Vermont hemp growers upset by proposed new rules on medical marijuana
An official from the Vermont Department of Public Safety on Wednesday defended proposed new rules on medical marijuana and said fears that they will hurt hemp farmers are unfounded.
Lindsay Wells, the department's director of a program that allows some sick people to use marijuana for symptom relief, said the rules would affect only the four medical marijuana dispensaries operating in the state.
The rules change several aspects of the way medical marijuana is regulated in Vermont. Among the changes: Terminally ill people would be exempt from the requirement that they be patients of the prescribing doctor for at least six months, and dispensaries would be allowed to deliver medical marijuana to patients.
But most of the attention during Thursday's hearing of the Legislature's Administrative Rules Committee was focuses on the relationship between marijuana and its botanical sibling: hemp.
Both hemp and marijuana are derived from the cannabis plant, and Joel Bedard, founder and CEO of the Vermont Hemp Company, said the rules could be interpreted as restricting his business.
Hemp is legally defined as containing less than 0.3 percent of tetrahydrocannabinol, marijuana's psychoactive ingredient. It has been used historically in a range of foods, fuels and fiber.
Bedard told the legislative committee that the rules appear to place "industrial hemp ... under the confines of the medical marijuana dispensary system," which he likened to "corn being regulated due to the possibility of it being used to make whiskey."

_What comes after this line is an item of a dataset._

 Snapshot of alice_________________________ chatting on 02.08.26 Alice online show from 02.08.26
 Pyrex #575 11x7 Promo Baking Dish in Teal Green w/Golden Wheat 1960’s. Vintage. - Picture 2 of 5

He and others who attended the meeting complained they were not told of the pending rule changes earlier in their development.
Wells insisted the changes were meant to affect only the state's four medical marijuana dispensaries and not the broader hemp industry. She said they were designed to allow the dispensaries to begin selling a type of hemp oil — cannabidiol, or CBD, widely reported to be effective in treating children with seizure disorders.
Netaka White, co-founder of a Middlebury-based company that makes a type of hemp oil used in food, pointed to a section of the rules referring to "hemp-infused product," including hemp derivatives used in "oil, solvents, ointments, tinctures, and edible or potable products."
"That could at some future date lead to the prohibition of the cultivation of hemp for anything but fiber," White said.
Attorney General William Sorrell issued an advisory in April saying possession or sale of CDB oil does not violate state law. He cautioned that federal law allows growing hemp only for research and requires a special permit.
Wells said operators of medical marijuana dispensaries asked for rules that would allow them to produce and sell CDB oil. She said the rules were designed to keep the cultivation of hemp for CDB oil separate from the cultivation of higher-THC marijuana for other medical purposes.